Directions for this task:
Please reproduce the listing word for word. Pictures stay out.

Data provided:
_ _ _ _ _

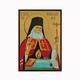 Икона Святой Лука Крымский Архиепископ 10 × 14 см - изображение 4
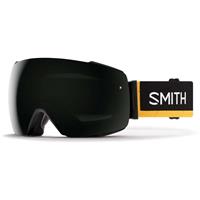 I/O MAG Goggle - AC Austin Smith + TNF Frame w/Chromapop Sun Black + Chromapop Storm Rose Flash Lenses (IM7CPBAAN19) - I/O MAG Goggle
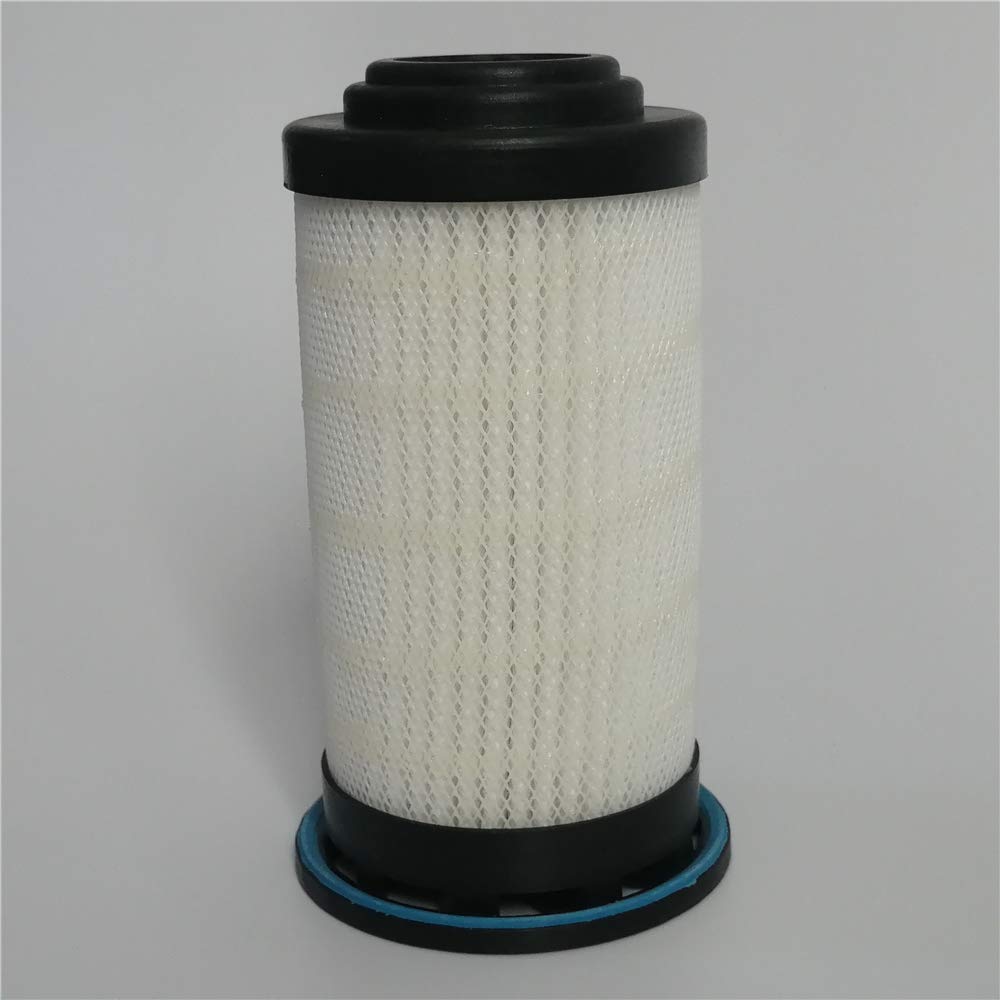 02250156-601 Oil Filter Replacement for Air Compressor - High Efficiency Air Compressor Oil Filter for Industrial & Home Use - Perfect for Workshop, Garage & DIY Projects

_ _ _ _ _

Response to this task:
 Икона Святой Лука Крымский Архиепископ 10 × 14 см - изображение 4
 I/O MAG Goggle - AC Austin Smith + TNF Frame w/Chromapop Sun Black + Chromapop Storm Rose Flash Lenses (IM7CPBAAN19) - I/O MAG Goggle
 02250156-601 Oil Filter Replacement for Air Compressor - High Efficiency Air Compressor Oil Filter for Industrial & Home Use - Perfect for Workshop, Garage & DIY Projects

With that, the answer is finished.